Then in “For You Alone” we’re given a costume drama/quirky sitcom/whotheheckknows in which Goldberg arrives to cheery servants, and a dinner with Westfield, sons and friends, during which Goldberg dances with a cat, Westfield and a lady waltz around the table and the sons bang out nonsense rhymes.
“The Final Fugue” has another moment of Goldberg arrival at Westfield’s estate. He descends from the carriage with his luggage, stops at the steps to look back at the departing carriage and sees “Hammond’s white face in the window and…a hand raised in parting salute“.
2:10 PM: In chapters 25 and 26 Josipovici lifts the veil a bit, or cuts out holes here and there, to give readers a peek into the workings behind the book.
Gerald, the only character set in contemporary time, is more explicit about the draft he’s working on, which turns out to be the one we’re reading. This was an amusing, slightly disorienting chapter because he expressed my own thoughts, and even subsequent actions based on what had went on before. He pointed out his weak period depiction as a “costume drama with only fragments of costume still clinging like seaweed”, which matched my own impression except that I liked it that way. When he re-examines the “Wandering-Artist” by Klee he searches for what Plakat meant, a “placard”, and then looked up that word as well.

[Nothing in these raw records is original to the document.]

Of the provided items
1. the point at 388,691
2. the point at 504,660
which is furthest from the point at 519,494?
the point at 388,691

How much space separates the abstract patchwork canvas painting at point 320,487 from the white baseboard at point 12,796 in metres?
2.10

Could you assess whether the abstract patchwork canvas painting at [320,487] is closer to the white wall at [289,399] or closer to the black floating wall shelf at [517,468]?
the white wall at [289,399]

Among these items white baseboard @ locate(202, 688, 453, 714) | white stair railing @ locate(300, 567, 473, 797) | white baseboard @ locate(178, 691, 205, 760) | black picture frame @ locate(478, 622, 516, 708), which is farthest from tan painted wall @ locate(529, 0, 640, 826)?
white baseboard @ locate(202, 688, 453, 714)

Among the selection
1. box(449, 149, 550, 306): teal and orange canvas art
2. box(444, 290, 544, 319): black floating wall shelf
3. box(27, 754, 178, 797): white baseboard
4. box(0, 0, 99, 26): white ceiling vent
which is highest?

He took it much farther than I did though because I simply took it as a description of the painting’s medium (like canvas, wood etc.), provided by a curator or something, while it turns out to be Klee’s. Gerald does not take this at face value considers its impact on one’s interpretation of it, combining its intent as a “poster” with further searches on the German definitions of “Wander” and “artist”.
This all happened because the book he is struggling to complete is the one we’re reading. At the start of the chapter he admits that he can’t sleep, like Westfield. He’d get drunk but his liver can’t handle it, like Goldberg. He mentions the research he did on George III and the Neolithic settlements, the story of the wild boy, Hölderlin all subjects that cropped up in previous chapters. It ties in with Goldberg, also a writer, who struggled to compose a story for Westfield. And I remember Josipocivi who admitted in an interview that he struggled to write Goldberg: Variations. Along with all the ruminations of sleep, insomnia and dreams, on language and civilisation, on music, romantic relationships, Homer, now it emerges that all those exercises were the fruits of frustration.

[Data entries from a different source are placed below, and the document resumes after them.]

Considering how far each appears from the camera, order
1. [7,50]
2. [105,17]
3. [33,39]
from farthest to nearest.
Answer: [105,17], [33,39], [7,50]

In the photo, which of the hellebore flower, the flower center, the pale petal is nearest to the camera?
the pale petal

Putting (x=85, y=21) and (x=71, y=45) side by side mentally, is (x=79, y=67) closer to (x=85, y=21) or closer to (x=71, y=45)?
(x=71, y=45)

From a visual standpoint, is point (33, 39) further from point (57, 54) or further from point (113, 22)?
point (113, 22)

In chapter 22 we deduce from Westfield’s replies that Goldberg contended that silence was noisy, that sleep was as much a gesture, an active, communicative part of our lives as being awake, as talking. In his second letter to Mrs Goldberg he wondered that humans spent such a great part of our lives asleep but yet it rarely come up as a subject in literature. He pointed to Homer as the exception, arguing that in one sense both Achilles’ and Odysseus’ driving motivations was to rest, to sleep. Achilles does not become peaceful even after he kills Hector, completing his revenge; it’s not until he gives the body over to Hector’s father that he can “leave the poem…both hero and poem can at last fall asleep in peace”. Odysseus wishes to return to his wife and his secret bed.
This leads Goldberg to conclude that
…sleep is the goal of art as it is of man. And it can only be the sleep that truly ends if it has in some way been earned by the protagonist and earned by the writer. In that sense it is also the goal of the reader. But only a true work will allow him to sleep well when he has closed the book.

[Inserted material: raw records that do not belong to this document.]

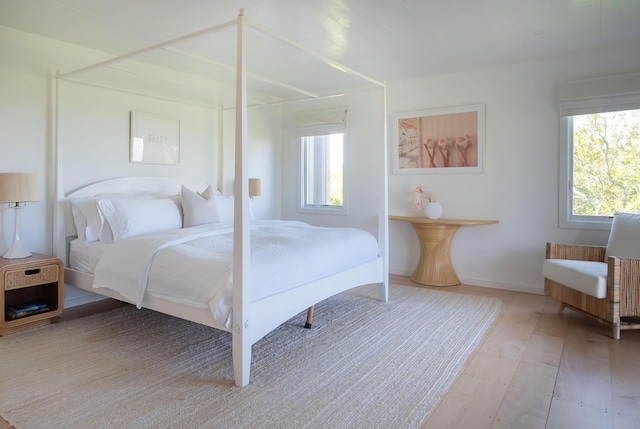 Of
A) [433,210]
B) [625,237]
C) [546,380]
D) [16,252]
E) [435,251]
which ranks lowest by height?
[546,380]

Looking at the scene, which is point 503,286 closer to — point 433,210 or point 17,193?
point 433,210

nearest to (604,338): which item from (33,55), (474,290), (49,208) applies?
(474,290)

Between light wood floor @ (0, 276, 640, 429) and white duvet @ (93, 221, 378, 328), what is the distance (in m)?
0.98

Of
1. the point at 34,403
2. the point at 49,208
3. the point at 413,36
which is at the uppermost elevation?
the point at 413,36

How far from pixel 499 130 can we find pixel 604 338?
2383mm

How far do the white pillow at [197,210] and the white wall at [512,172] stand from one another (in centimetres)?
254

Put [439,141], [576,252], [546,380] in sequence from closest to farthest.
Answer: [546,380], [576,252], [439,141]

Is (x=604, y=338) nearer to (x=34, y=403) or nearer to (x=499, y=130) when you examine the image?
(x=499, y=130)

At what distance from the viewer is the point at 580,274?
10.4 feet

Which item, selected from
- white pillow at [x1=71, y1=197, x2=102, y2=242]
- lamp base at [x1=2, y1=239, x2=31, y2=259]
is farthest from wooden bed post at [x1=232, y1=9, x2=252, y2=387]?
lamp base at [x1=2, y1=239, x2=31, y2=259]

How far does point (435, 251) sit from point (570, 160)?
5.45 feet

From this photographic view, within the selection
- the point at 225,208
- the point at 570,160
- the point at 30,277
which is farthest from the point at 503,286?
the point at 30,277

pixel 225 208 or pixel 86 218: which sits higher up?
pixel 225 208

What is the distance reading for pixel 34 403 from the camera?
2.04 metres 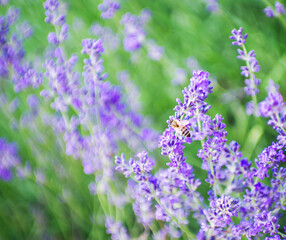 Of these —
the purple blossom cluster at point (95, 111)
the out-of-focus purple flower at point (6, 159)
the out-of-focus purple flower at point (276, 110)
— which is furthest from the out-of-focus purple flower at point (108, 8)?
the out-of-focus purple flower at point (276, 110)

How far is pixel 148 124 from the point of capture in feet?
6.38

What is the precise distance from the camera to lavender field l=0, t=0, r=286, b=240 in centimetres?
97

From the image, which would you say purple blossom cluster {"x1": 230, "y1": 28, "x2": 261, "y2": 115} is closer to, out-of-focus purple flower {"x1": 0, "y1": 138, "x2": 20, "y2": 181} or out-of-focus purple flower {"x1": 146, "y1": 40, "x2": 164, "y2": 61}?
out-of-focus purple flower {"x1": 146, "y1": 40, "x2": 164, "y2": 61}

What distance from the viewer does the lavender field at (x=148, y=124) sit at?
97 centimetres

This book’s momentum, then, seems to be moving up this strained point and then falling back, in an effort to seek some kind of earned resolution.
In chapter 26, which shifts from Gerald’s first person to third, an unnamed “he” admits that he “has tried to set a world in motion and all he has done is reveal the paucity of his mind and the cardboard nature of his creatures”. Again we get the sense of the author again, distant, in another form, not really any more Gerald than Goldberg.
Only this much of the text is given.